Caption-style text data:
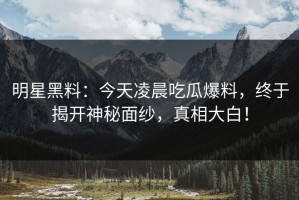 明星黑料：今天凌晨吃瓜爆料，终于揭开神秘面纱，真相大白！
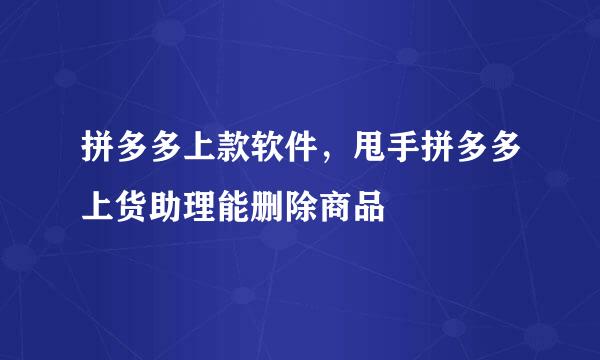 拼多多上款软件，甩手拼多多上货助理能删除商品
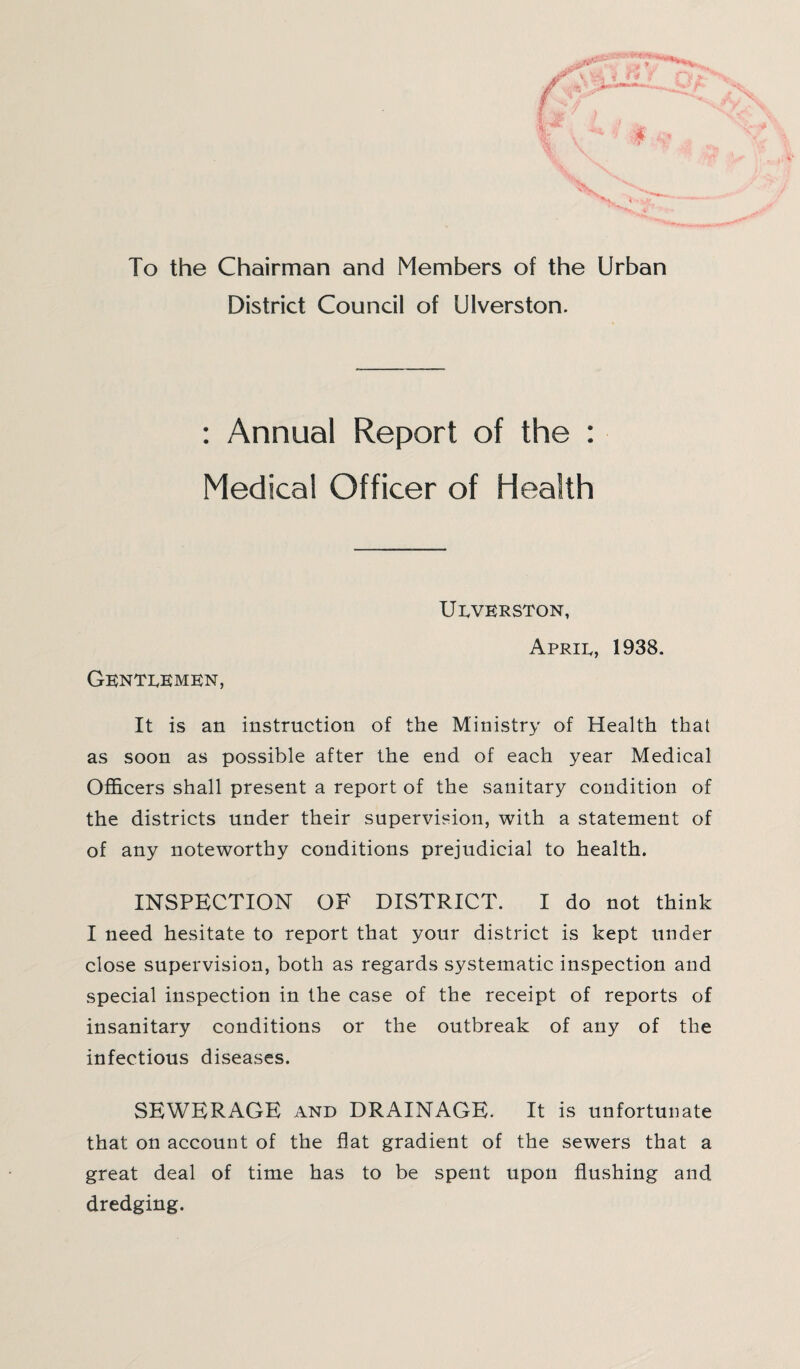 To the Chairman and Members of the Urban District Council of Ulverston. : Annual Report of the : Medical Officer of Health Ulverston, April, 1938. Gentlemen, It is an instruction of the Ministry of Health that as soon as possible after the end of each year Medical Officers shall present a report of the sanitary condition of the districts under their supervision, with a statement of of any noteworthy conditions prejudicial to health. INSPECTION OF DISTRICT. I do not think I need hesitate to report that your district is kept under close supervision, both as regards systematic inspection and special inspection in the case of the receipt of reports of insanitary conditions or the outbreak of any of the infectious diseases. SEWERAGE and DRAINAGE. It is unfortunate that on account of the flat gradient of the sewers that a great deal of time has to be spent upon flushing and dredging.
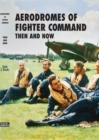 Image for Aerodromes Of Fighter Command: Then And Now
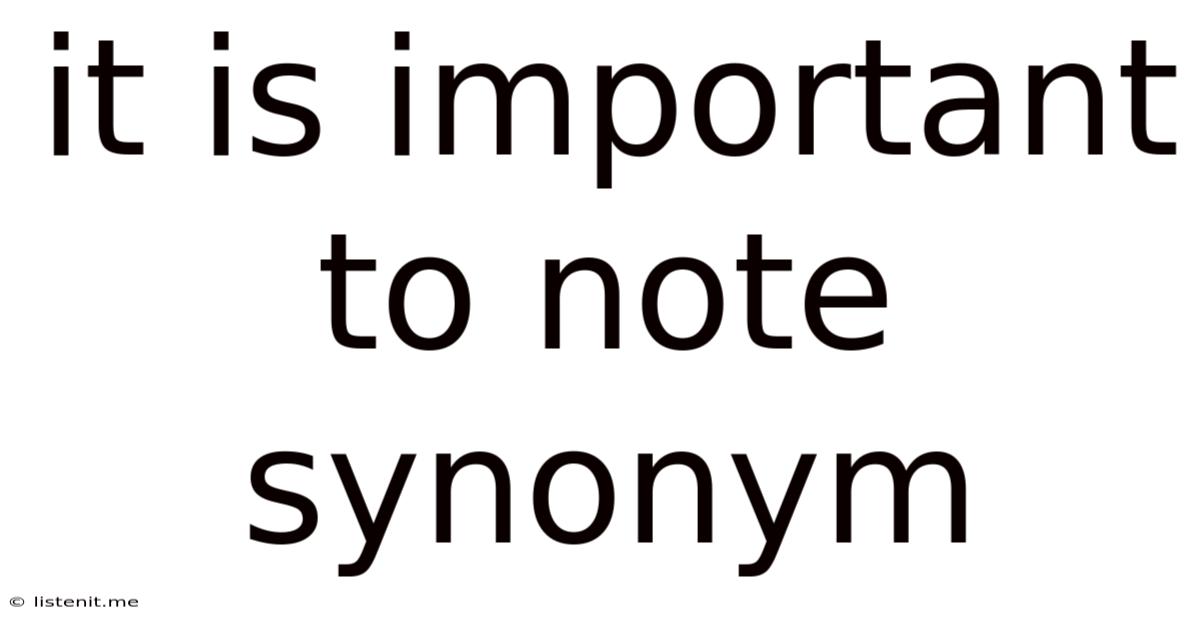 It Is Important To Note Synonym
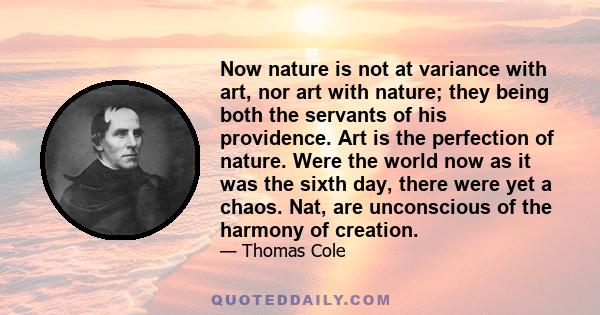 Now nature is not at variance with art, nor art with nature; they being both the servants of his providence. Art is the perfection of nature. Were the world now as it was the sixth day, there were yet a chaos. Nat, are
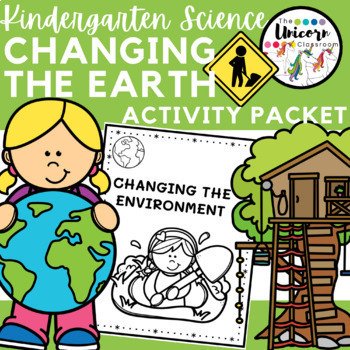 Preview of Earth and Human Activity Kindergarten SCIENCE Packet | Changing the Environment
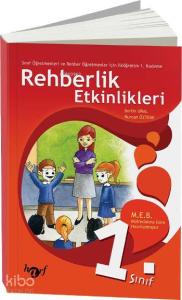 Rehberlik Etkinlikleri - 1; Sınıf Öğretmenleri ve Rehber Öğretmenler İçin İlköğretim 1.Kademe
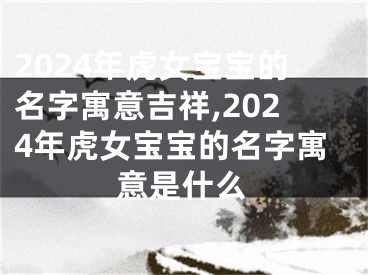 2024年虎女宝宝的名字寓意吉祥,2024年虎女宝宝的名字寓意是什么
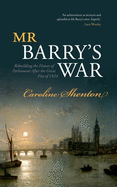 Mr Barry's War: Rebuilding the Houses of Parliament After the Great Fire of 1834
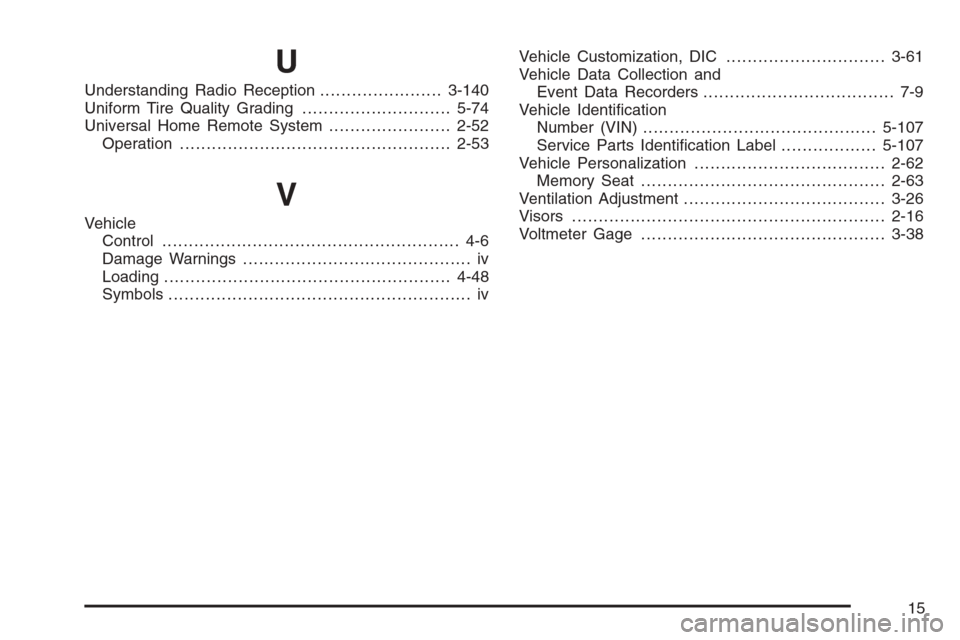 CHEVROLET TRAIL BLAZER 2006 1.G Owners Manual U
Understanding Radio Reception.......................3-140
Uniform Tire Quality Grading............................5-74
Universal Home Remote System.......................2-52
Operation..............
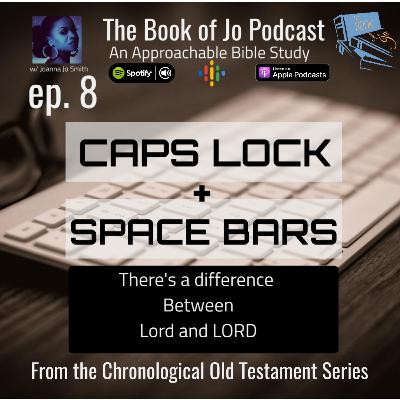 EPISODE 8: THE CHRONOLOGICAL OLD TESTAMENT SERIES TO INVESTIGATE THE BIBLE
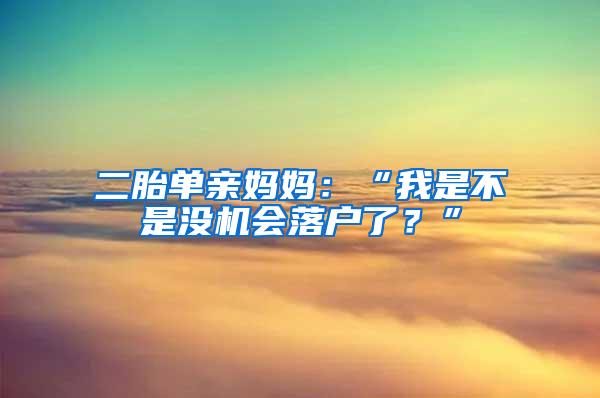 二胎单亲妈妈：“我是不是没机会落户了？”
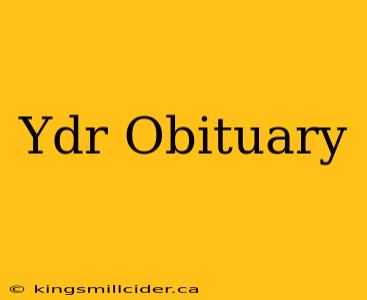 Ydr Obituary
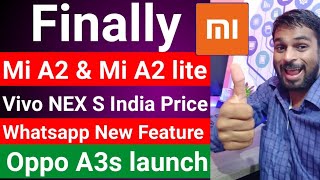 Mi A2 amp Mi A2 Lite PriceVivo Nex S IndiaOppo A3s LaunchedRedmi Note 5 Pro Anti RollbackBHIM APP [upl. by Mccafferty105]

• [ASSIGNMENT]: Your output should be exactly the lines of the records above from the one with "It Is Important To Note Synonym" through the last, both ends included, with pictures excluded.

• [RESPONSE TO THIS EXERCISE]:
 It Is Important To Note Synonym
 Now nature is not at variance with art, nor art with nature; they being both the servants of his providence. Art is the perfection of nature. Were the world now as it was the sixth day, there were yet a chaos. Nat, are
 Preview of Earth and Human Activity Kindergarten SCIENCE Packet | Changing the Environment
 Rehberlik Etkinlikleri - 1; Sınıf Öğretmenleri ve Rehber Öğretmenler İçin İlköğretim 1.Kademe
 2024年虎女宝宝的名字寓意吉祥,2024年虎女宝宝的名字寓意是什么
 Mr Barry's War: Rebuilding the Houses of Parliament After the Great Fire of 1834
 CHEVROLET TRAIL BLAZER 2006 1.G Owners Manual U
Understanding Radio Reception.......................3-140
Uniform Tire Quality Grading............................5-74
Universal Home Remote System.......................2-52
Operation..............
 EPISODE 8: THE CHRONOLOGICAL OLD TESTAMENT SERIES TO INVESTIGATE THE BIBLE
 二胎单亲妈妈：“我是不是没机会落户了？”
 Ydr Obituary
 Mi A2 amp Mi A2 Lite PriceVivo Nex S IndiaOppo A3s LaunchedRedmi Note 5 Pro Anti RollbackBHIM APP [upl. by Mccafferty105]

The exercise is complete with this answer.